By placing your hand on top of the book, and exerting a horizontal force directed away from the spine and perpendicular to it, you can illustrate the action of a shear force.

A force applied parallel to the plane of cross section of a material, or to the plane of the interface between two pieces of a material (or such planes within a material) is called a shear force. A force that when applied to an object could deform it is called a stress. If it is parallel to the plane of cross section, it is a shear stress. This bears comparison to a normal stress such as that illustrated in demonstration 32.21 -- Stretch wire to breaking point, which is perpendicular to the cross section of the material (and in this case is a tensile stress). In this demonstration, when you press the front cover of the book away from the spine, you apply a horizontal force, parallel to the cover. Friction between the back cover of the book and the table top prevents the book from sliding, and the force you apply causes deformation of the book. These two forces alone should exert a torque about the center of the book. As you press the cover of the book in a horizontal direction, you and the table also exert opposing forces along the spine and the opposite face of the book, which cancel this torque. These forces are shown in the diagram below.

The diagram above is a side view of a block being deformed by shear forces. The original outline of the block is shown by dashed lines. The rightward-facing arrow along the top face of the block represents a horizontal shear force applied there, similar to the force you apply to the front cover of the book when you perform this demonstration. The leftward-facing arrow along the bottom face represents the friction force provided by whatever is supporting the block, which balances the force applied to the top face. This is the friction force the table provides that keeps the book from sliding when you push the front cover. The two arrows along the slanted faces are also generated when you push the top of the book, and as noted above, prevent the book from rotating under the horizontal forces.

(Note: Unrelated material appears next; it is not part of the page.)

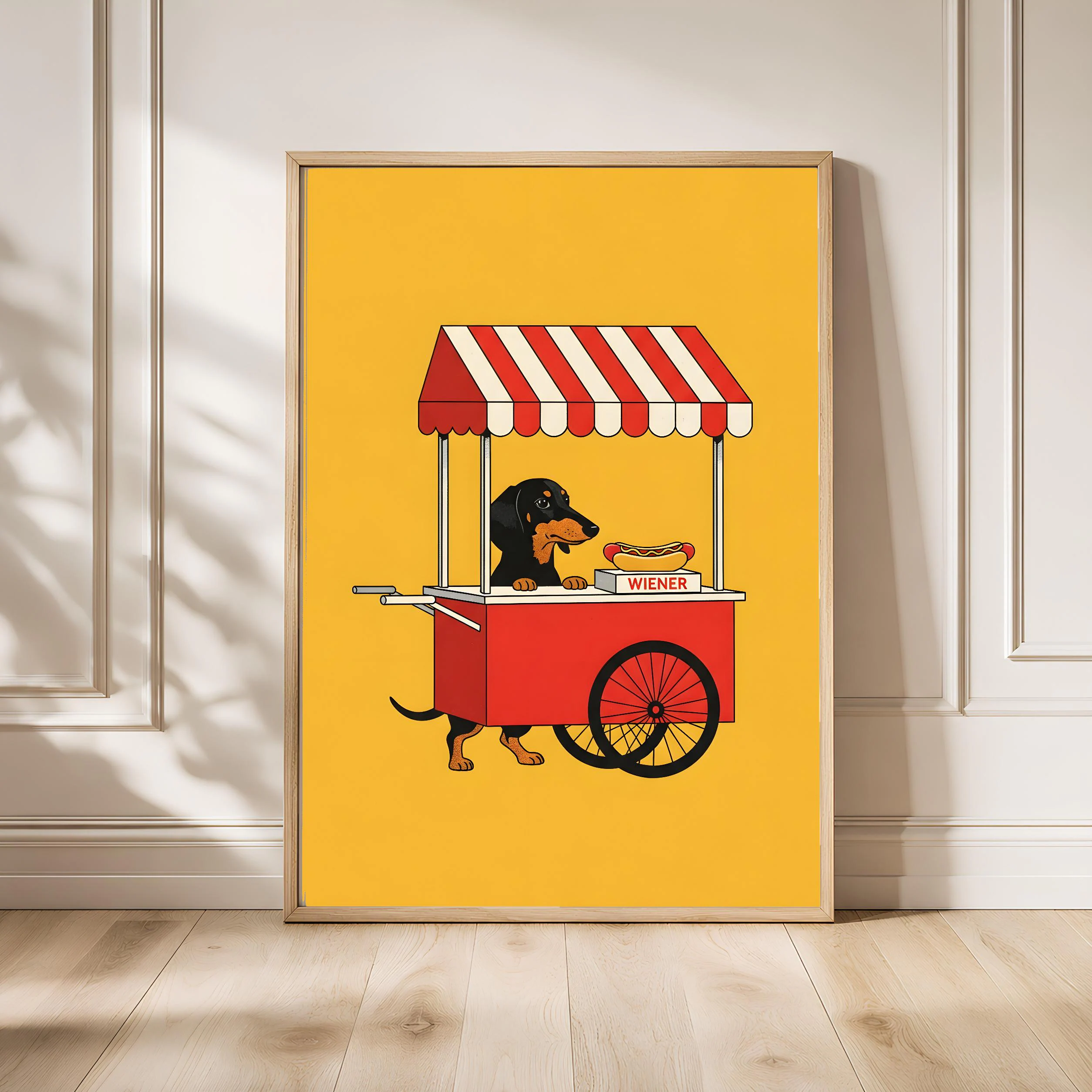 Funny Dachshund Art Print, Hotdog Stand Dog Poster, Retro Kitchen Wall Art, Quirky Food Decor, Dog Lover Gift, Housewarming Gift – Calm Wall Art by Artsify - Image 1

We notice that as the block deforms, the lengths of the four faces shown remain nearly the same, but the material parallel to the diagonal plane b-d/b′-d′ is compressed while that parallel to the plane a-c/a′-c′ is stretched. (Note that the components of the forces shown point inward along diagonal b-d/b′-d′, and outward along diagonal a-c/a′-c′.) The deformation, or shear strain (or shearing strain), is defined as the tangent of the angle φ shown in the diagram, which equals ΔL/L₀, the distance by which the top surface is shifted divided by the initial height of the block, and which for small angles approximately equals φ.

For objects under (normal) tensile or compressive stress, the strain is related to the stress by the Young’s modulus of the material, usually denoted Y. This is a measure of the elasticity of the material, and in engineering contexts, it is usually called the modulus of elasticity, and denoted E. It is the ratio of the stress to the strain:

Y = (F/A)/(Δl/l₀)

Where l₀ is the original length of the material, and l is the length of the material when it is stretched or compressed. (See demonstration 32.21 -- Stretch wire to breaking point.) Similarly, when an object is subject to shear forces, the resulting deformation is given by the shear modulus, the ratio of the shear stress to the shear strain, which is usually denoted G (and sometimes denoted S):

G = (F/A)/(ΔL/L₀) = (F/A)/φ

F is the horizontal force applied to the top surface of the block (or that you apply to the front cover of the book), and A is the area of the top surface of the block (or the front cover of the book). For most materials, the shear modulus, G, is typically one half to one third the size of the Young’s modulus.

 

References:

1) Sears, Francis Weston and Zemansky, Mark W. College Physics, Third Edition (Reading, Massachusetts: Addison-Wesley Publishing Company, Inc., 1960), pp. 205-210.
2) Giancoli, Douglas, C. Physics: principles with applications, Fifth edition (Upper Saddle River, New Jersey: Prentice-Hall, 1998), pp. 253-257.